* Try it *
What is needed is an exact copy of all the records.

* Records excerpted from a collection *
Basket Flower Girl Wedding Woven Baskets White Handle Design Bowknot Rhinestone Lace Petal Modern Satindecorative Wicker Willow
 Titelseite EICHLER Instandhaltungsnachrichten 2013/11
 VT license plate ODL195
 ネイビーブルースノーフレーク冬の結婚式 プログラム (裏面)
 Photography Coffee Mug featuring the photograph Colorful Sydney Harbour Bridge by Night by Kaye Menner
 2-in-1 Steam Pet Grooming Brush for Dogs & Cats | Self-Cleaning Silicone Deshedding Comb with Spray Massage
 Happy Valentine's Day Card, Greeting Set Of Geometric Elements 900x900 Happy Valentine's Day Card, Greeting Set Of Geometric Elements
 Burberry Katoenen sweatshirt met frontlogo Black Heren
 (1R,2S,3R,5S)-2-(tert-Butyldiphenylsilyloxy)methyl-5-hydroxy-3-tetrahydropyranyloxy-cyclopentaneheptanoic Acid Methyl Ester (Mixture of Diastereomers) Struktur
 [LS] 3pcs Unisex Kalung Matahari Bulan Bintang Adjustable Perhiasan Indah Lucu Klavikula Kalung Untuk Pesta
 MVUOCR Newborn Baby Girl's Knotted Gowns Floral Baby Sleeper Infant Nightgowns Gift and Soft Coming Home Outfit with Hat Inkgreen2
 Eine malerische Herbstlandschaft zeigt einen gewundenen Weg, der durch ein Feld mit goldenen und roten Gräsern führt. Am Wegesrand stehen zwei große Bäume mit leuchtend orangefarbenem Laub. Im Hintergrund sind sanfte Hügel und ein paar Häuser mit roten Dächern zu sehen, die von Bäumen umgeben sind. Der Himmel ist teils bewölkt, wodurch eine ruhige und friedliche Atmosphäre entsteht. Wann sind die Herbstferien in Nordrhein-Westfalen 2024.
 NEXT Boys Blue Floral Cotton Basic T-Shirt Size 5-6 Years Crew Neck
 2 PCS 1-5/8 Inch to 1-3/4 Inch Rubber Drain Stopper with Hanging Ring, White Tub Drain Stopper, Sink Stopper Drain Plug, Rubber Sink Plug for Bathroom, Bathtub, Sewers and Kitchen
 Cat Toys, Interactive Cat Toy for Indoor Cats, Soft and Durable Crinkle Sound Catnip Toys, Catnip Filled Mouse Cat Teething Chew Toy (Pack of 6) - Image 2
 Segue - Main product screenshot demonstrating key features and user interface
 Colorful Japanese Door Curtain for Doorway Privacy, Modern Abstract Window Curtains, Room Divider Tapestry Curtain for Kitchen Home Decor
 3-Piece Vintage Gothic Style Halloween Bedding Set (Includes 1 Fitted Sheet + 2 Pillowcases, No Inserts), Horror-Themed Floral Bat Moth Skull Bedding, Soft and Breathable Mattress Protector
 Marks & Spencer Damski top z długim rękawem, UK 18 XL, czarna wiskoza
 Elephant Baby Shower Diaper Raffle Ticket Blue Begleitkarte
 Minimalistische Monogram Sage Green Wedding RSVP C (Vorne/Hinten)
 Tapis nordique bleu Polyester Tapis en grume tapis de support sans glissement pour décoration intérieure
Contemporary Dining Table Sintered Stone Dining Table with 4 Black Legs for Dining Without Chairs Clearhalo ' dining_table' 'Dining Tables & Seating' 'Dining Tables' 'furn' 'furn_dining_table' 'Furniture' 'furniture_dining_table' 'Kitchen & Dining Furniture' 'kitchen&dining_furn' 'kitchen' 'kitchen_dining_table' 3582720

* Finished task *
Basket Flower Girl Wedding Woven Baskets White Handle Design Bowknot Rhinestone Lace Petal Modern Satindecorative Wicker Willow
 Titelseite EICHLER Instandhaltungsnachrichten 2013/11
 VT license plate ODL195
 ネイビーブルースノーフレーク冬の結婚式 プログラム (裏面)
 Photography Coffee Mug featuring the photograph Colorful Sydney Harbour Bridge by Night by Kaye Menner
 2-in-1 Steam Pet Grooming Brush for Dogs & Cats | Self-Cleaning Silicone Deshedding Comb with Spray Massage
 Happy Valentine's Day Card, Greeting Set Of Geometric Elements 900x900 Happy Valentine's Day Card, Greeting Set Of Geometric Elements
 Burberry Katoenen sweatshirt met frontlogo Black Heren
 (1R,2S,3R,5S)-2-(tert-Butyldiphenylsilyloxy)methyl-5-hydroxy-3-tetrahydropyranyloxy-cyclopentaneheptanoic Acid Methyl Ester (Mixture of Diastereomers) Struktur
 [LS] 3pcs Unisex Kalung Matahari Bulan Bintang Adjustable Perhiasan Indah Lucu Klavikula Kalung Untuk Pesta
 MVUOCR Newborn Baby Girl's Knotted Gowns Floral Baby Sleeper Infant Nightgowns Gift and Soft Coming Home Outfit with Hat Inkgreen2
 Eine malerische Herbstlandschaft zeigt einen gewundenen Weg, der durch ein Feld mit goldenen und roten Gräsern führt. Am Wegesrand stehen zwei große Bäume mit leuchtend orangefarbenem Laub. Im Hintergrund sind sanfte Hügel und ein paar Häuser mit roten Dächern zu sehen, die von Bäumen umgeben sind. Der Himmel ist teils bewölkt, wodurch eine ruhige und friedliche Atmosphäre entsteht. Wann sind die Herbstferien in Nordrhein-Westfalen 2024.
 NEXT Boys Blue Floral Cotton Basic T-Shirt Size 5-6 Years Crew Neck
 2 PCS 1-5/8 Inch to 1-3/4 Inch Rubber Drain Stopper with Hanging Ring, White Tub Drain Stopper, Sink Stopper Drain Plug, Rubber Sink Plug for Bathroom, Bathtub, Sewers and Kitchen
 Cat Toys, Interactive Cat Toy for Indoor Cats, Soft and Durable Crinkle Sound Catnip Toys, Catnip Filled Mouse Cat Teething Chew Toy (Pack of 6) - Image 2
 Segue - Main product screenshot demonstrating key features and user interface
 Colorful Japanese Door Curtain for Doorway Privacy, Modern Abstract Window Curtains, Room Divider Tapestry Curtain for Kitchen Home Decor
 3-Piece Vintage Gothic Style Halloween Bedding Set (Includes 1 Fitted Sheet + 2 Pillowcases, No Inserts), Horror-Themed Floral Bat Moth Skull Bedding, Soft and Breathable Mattress Protector
 Marks & Spencer Damski top z długim rękawem, UK 18 XL, czarna wiskoza
 Elephant Baby Shower Diaper Raffle Ticket Blue Begleitkarte
 Minimalistische Monogram Sage Green Wedding RSVP C (Vorne/Hinten)
 Tapis nordique bleu Polyester Tapis en grume tapis de support sans glissement pour décoration intérieure
Contemporary Dining Table Sintered Stone Dining Table with 4 Black Legs for Dining Without Chairs Clearhalo ' dining_table' 'Dining Tables & Seating' 'Dining Tables' 'furn' 'furn_dining_table' 'Furniture' 'furniture_dining_table' 'Kitchen & Dining Furniture' 'kitchen&dining_furn' 'kitchen' 'kitchen_dining_table' 3582720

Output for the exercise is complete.